The answer, as delivered in Spook Street, is: considerable damage, distributed unevenly, and very rarely acknowledged.

Our rating: 4.5/5 — The most personally resonant entry in the series. The human costs of the intelligence life begin to accumulate.

Frequently Asked Questions

What is "Spook Street" about?

River Cartwright's legendary grandfather David — the Old Bastard, founder of a generation of British intelligence — appears to be losing his mind. But the intelligence world doesn't really lose its old warriors: it uses them up, and someone is using David Cartwright very deliberately.

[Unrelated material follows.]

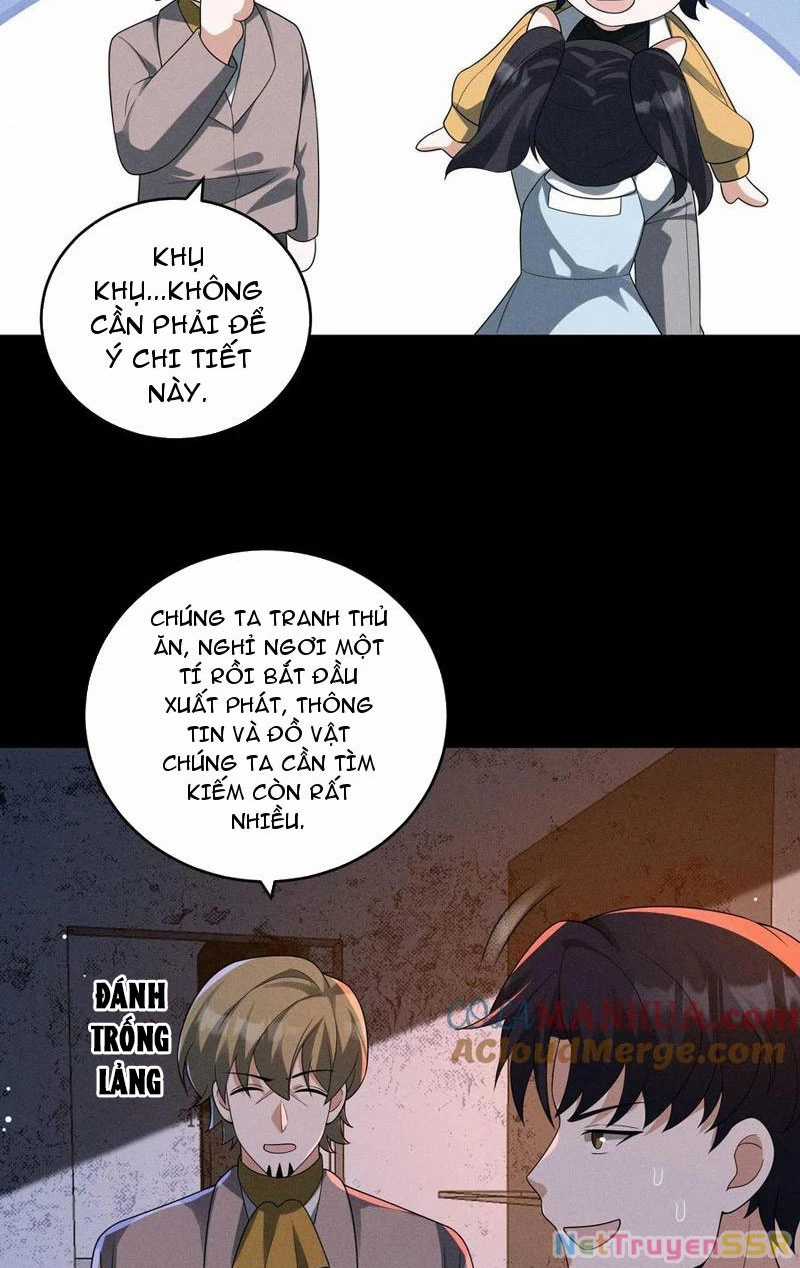 Quy Tắc Chuyện Lạ: Bắt Đầu Hóa Thân Đánh Lui Chiến Thần Chapter 189 trang 25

Who should read "Spook Street"?

Fans of the Slough House series who want a deeper look at River Cartwright's backstory and the human costs of the intelligence profession.

What are the key takeaways from "Spook Street"?

A career in intelligence has family costs that compound over generations Old intelligence officers never fully disengage — the habits of secrecy and manipulation persist The line between protective deception and harmful deception is not always clear to the deceiver Institutions protect their own reputation above the welfare of those who served them Family secrets and state secrets share the same corrosive effect on trust

Is "Spook Street" worth reading?

Spook Street makes the Cartwright family the lens through which Herron examines what the intelligence services actually cost the people who devote their lives to them — a more personal and emotionally resonant entry in the series.